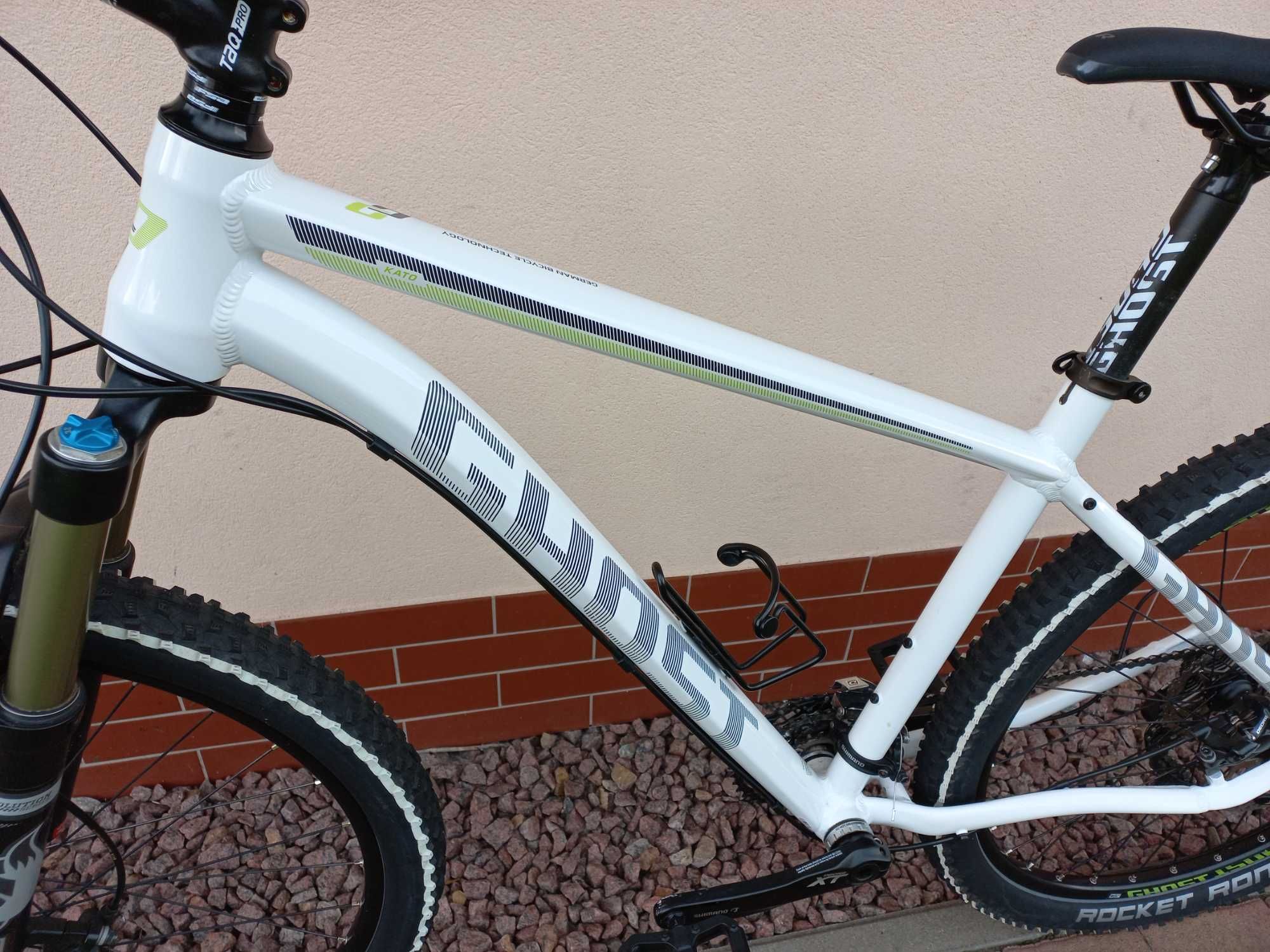 MTB * GHOST KATO * 18'' * Deore XT 3x10 * FOX * koła 27,5'' * stan bdb
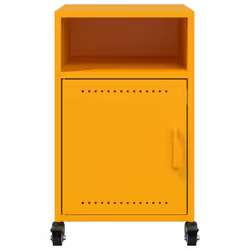 VidaXL 846723 comodino Giallo - Vista aggiuntiva 6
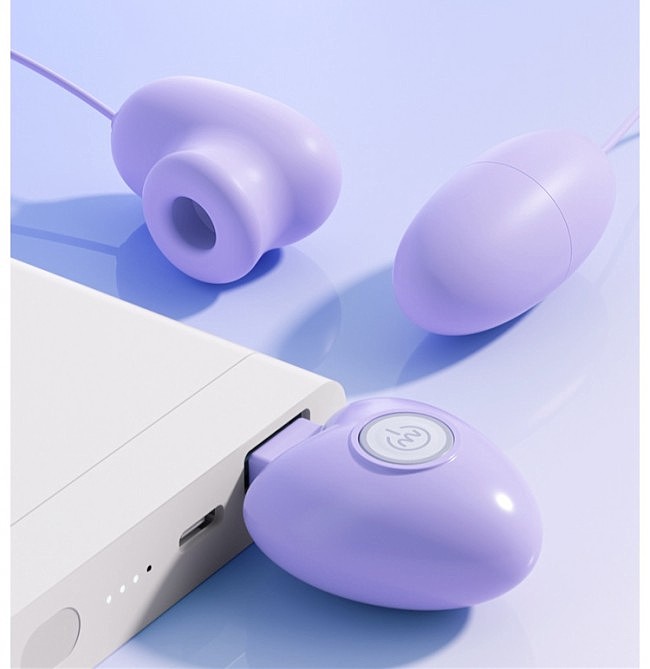 Секс-масажери Flirting vibrator, колір фіолетовий, 10 режимів вібрації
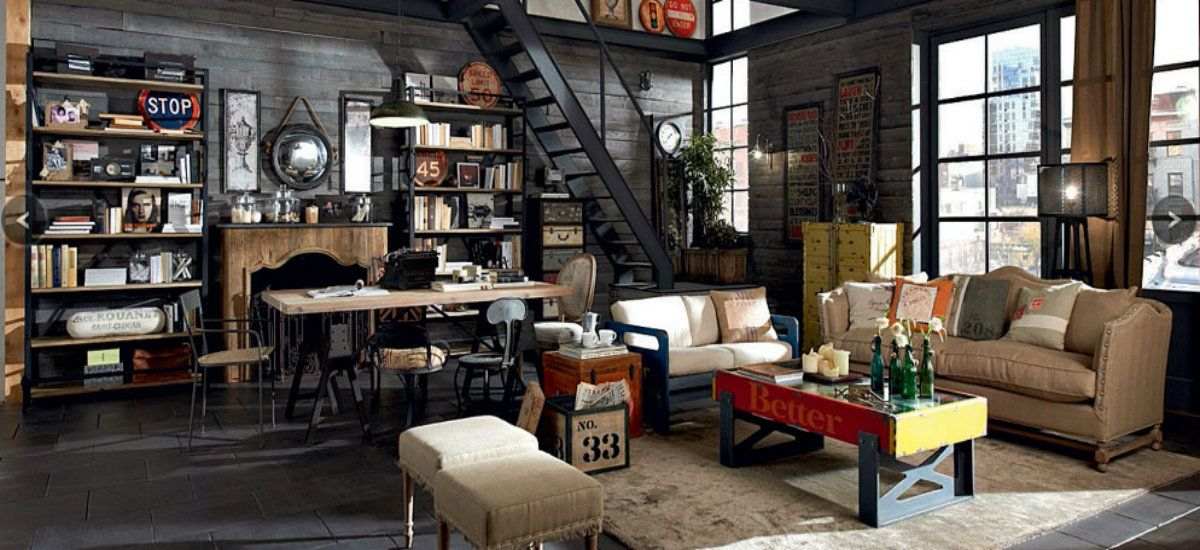 Wohnung im Industrial Style einrichten - Tipps & Ideen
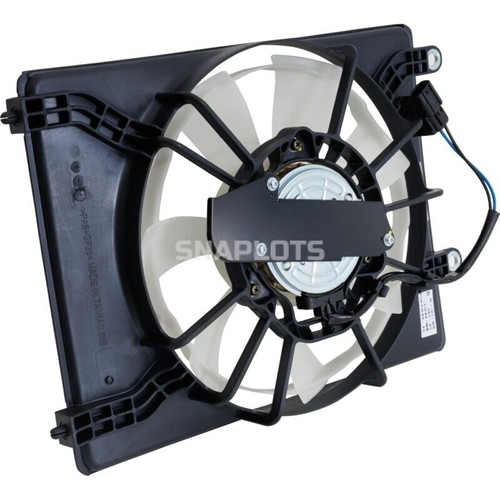 New A/C Condenser Single Fan Assembly For 2016-2022 Acura ILX 2.4L 38611R4HA01 - Picture 3 of 8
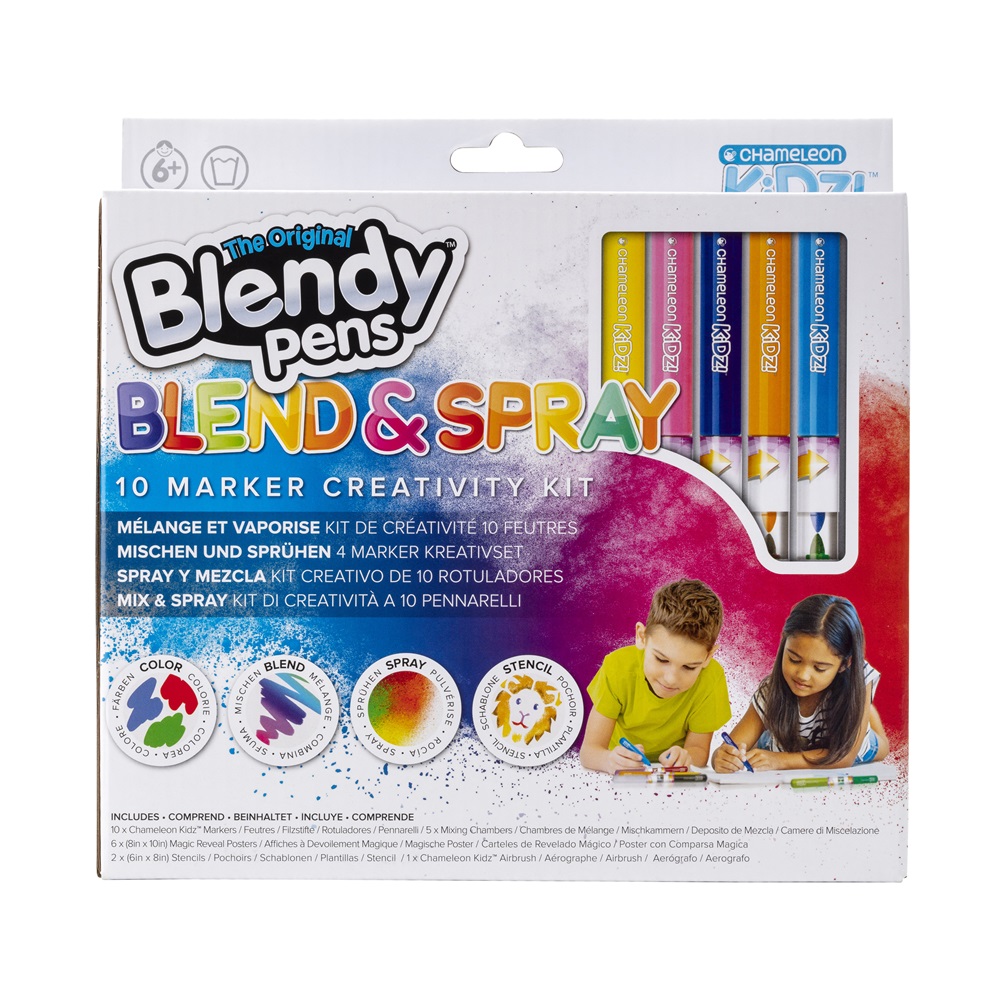 Blendy Pens Blend & Spray szett 10db filctoll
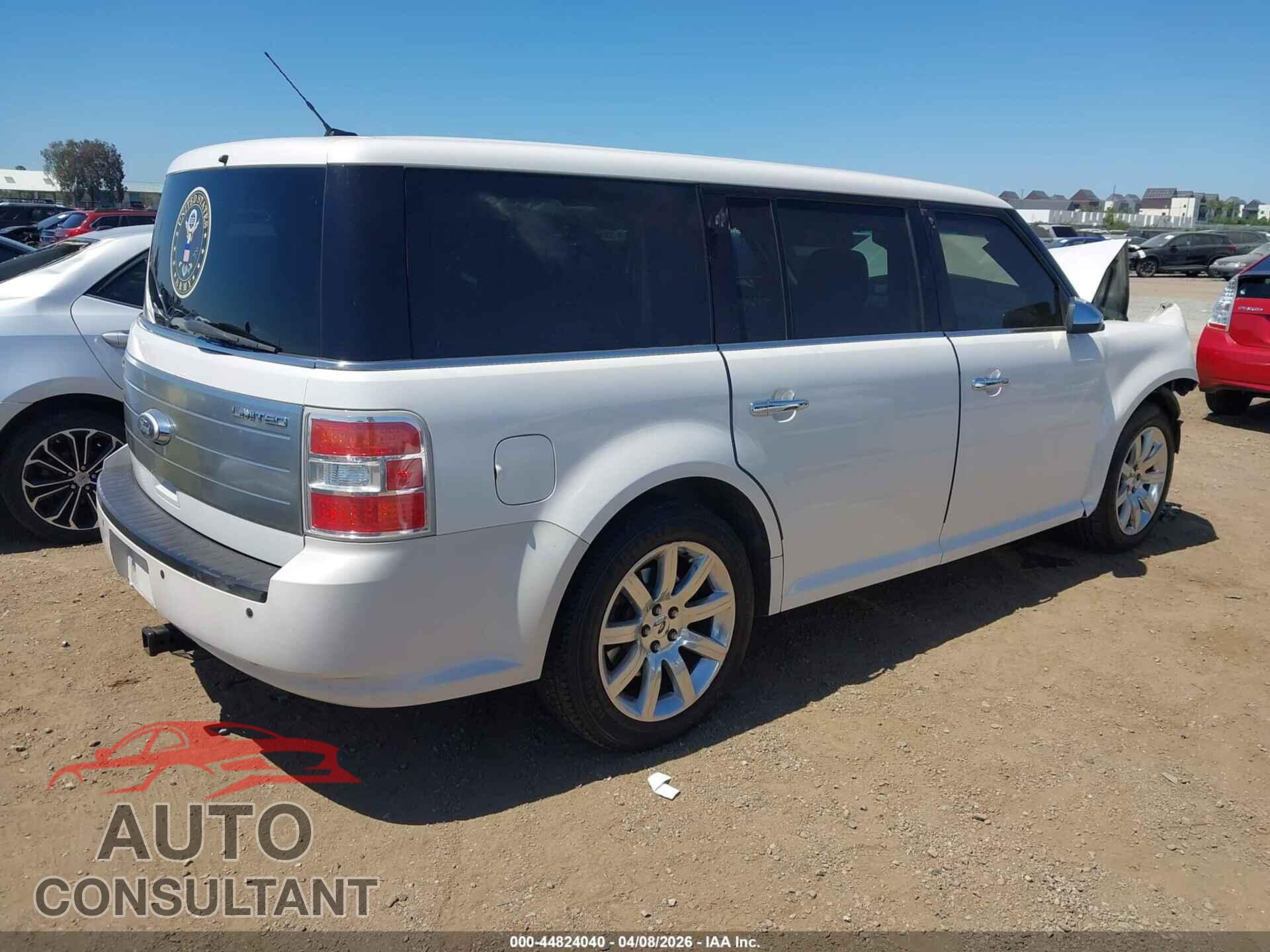 FORD FLEX 2011 - 2FMGK5DC6BBD04876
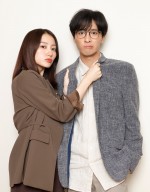 ドラマ『バツコイ』に出演する（左から）高田里穂、渡部秀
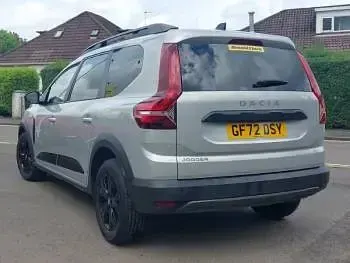Used Dacia Jogger Extreme 109 HP (80 kW) 2022 Grey MPV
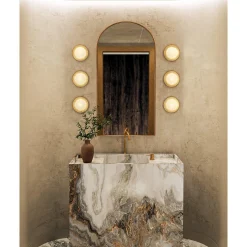 Helenka LED Bath Sconce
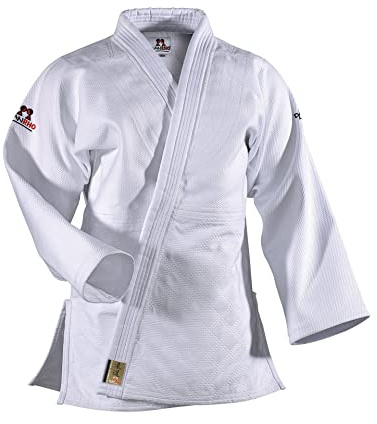 DANRHO Judo Anzug Ultimate Gold, Weiß Danrho 180 M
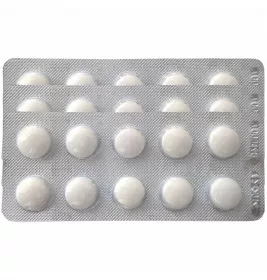 Вугілля біле таблетки по 210 мг 30 шт. - БХФЗ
■ ■ ■ ■
▸ TASK OBJECTIVE
An exact transcription is requested of each line from the one that holds "Helenka LED Bath Sconce" to the end of the listing above, both boundary lines included; pictures are to be omitted.

▸ RESULT OF THE TASK
 Helenka LED Bath Sconce
 DANRHO Judo Anzug Ultimate Gold, Weiß Danrho 180 M
 Вугілля біле таблетки по 210 мг 30 шт. - БХФЗ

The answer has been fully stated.